Scientists Identify Genes Linked To Left-Handedness, Find That Lefties May Have Superior Verbal Skills
(CNN) -- For the first time, scientists have identified the genetic differences associated with left-handedness, a trait found in 10% of the human population.
What's more, those genetic variants result in differences in brain structure, which might mean that left-handed people have better verbal skills than the right-handed majority.
While previous research into twins has indicated that genes are at least partially responsible for controlling handedness, the new study, conducted by scientists from the University of Oxford and published in the journal Brain, is the first to identify which genetic variants separate the lefties from the righties.
The research could suggest a potential correlation between left-handedness and superior verbal skills, said Akira Wiberg, a Medical Research Council fellow at the University of Oxford who worked on the study.
"This raises the intriguing possibility for future research that left-handers might have an advantage when it comes to performing verbal tasks, but it must be remembered that these differences were only seen as averages over very large numbers of people and not all left-handers will be similar," he said in a news release.
Further research must be conducted to test this potential advantage, according to Gwenaëlle Douaud, joint senior author of the study and a fellow at Oxford's Wellcome Centre for Integrative Neuroimaging.
"We need to assess whether this higher coordination of the language areas between left and right side of the brain in the left-handers actually gives them an advantage at verbal ability. For this, we need to do a study that also has in-depth and detailed verbal-ability testing," she said.
Genetic regions
Funded by the UK's Medical Research Council and Wellcome, a UK medical research charity, the researchers studied the DNA of 400,000 people, including 38,332 left-handers, from the UK Biobank, a database comprising the health information of volunteers across the country.
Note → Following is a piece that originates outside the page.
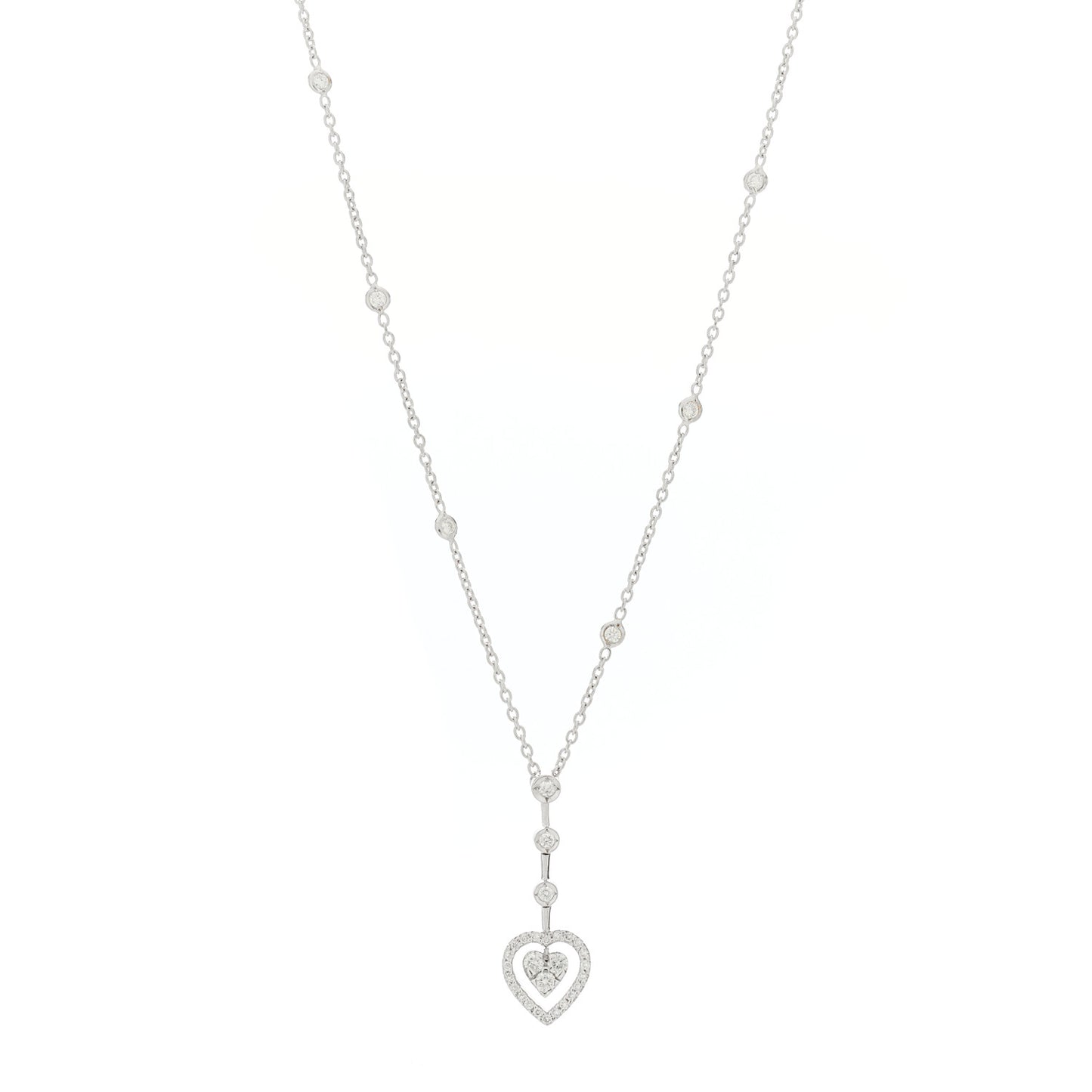 18K White Gold Diamond Open Heart Drop Pendant Necklace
They isolated four genetic regions associated with left-handedness; three of those regions were linked to proteins that influence brain structure and development. Specifically, the proteins were connected to microtubules, a component of cell "scaffolding" or the cytoskeleton.
The cytoskeleton determines the structure of cells, as well as the way they operate within the body. Previous research has demonstrated the cytoskeleton's influence on "left-right asymmetry" in other species.
"Many animals show left-right asymmetry in their development, such as snail shells coiling to the left or right," Douaud said.
By analyzing brain imaging from about 10,000 of the people studied, the researchers found that the genetic variants related to left-handedness were associated with differences in the brain's white matter tracts -- in particular, the tracts that connect the areas of the brain associated with language.
What's more, Douaud told CNN, the research indicated that in left-handed people, "the left and right sides of the brain communicate in a more coordinated way.
Left-handed people demonstrate "a higher synchronization of the natural oscillations of your brain, and these oscillations still happen when you are idle," she said, a synchronization that occurs "precisely again in the brain regions dedicated to language."
The study also indicated an association between the aspects of brain development linked to handedness and the likelihood of developing schizophrenia or Parkinson's disease.
Dominic Furniss, joint senior author alongside Douaud and a fellow at Oxford's Nuffield Department of Orthopaedics, Rheumatology, and Musculoskeletal Science told CNN, "It has long been known that there are slightly more left-handers amongst patients with schizophrenia than the general population. By contrast, there are slightly less left-handers with Parkinson's disease than the general population."
The new research, Furniss said, "suggests that these diseases, along with handedness, are the product of fundamental differences in brain development, some of which is driven by genes."
The researchers stressed, however, that the association between handedness, schizophrenia and Parkinson's indicates only correlation, not causation, and that the difference in terms of the number of people with the illnesses is very slight.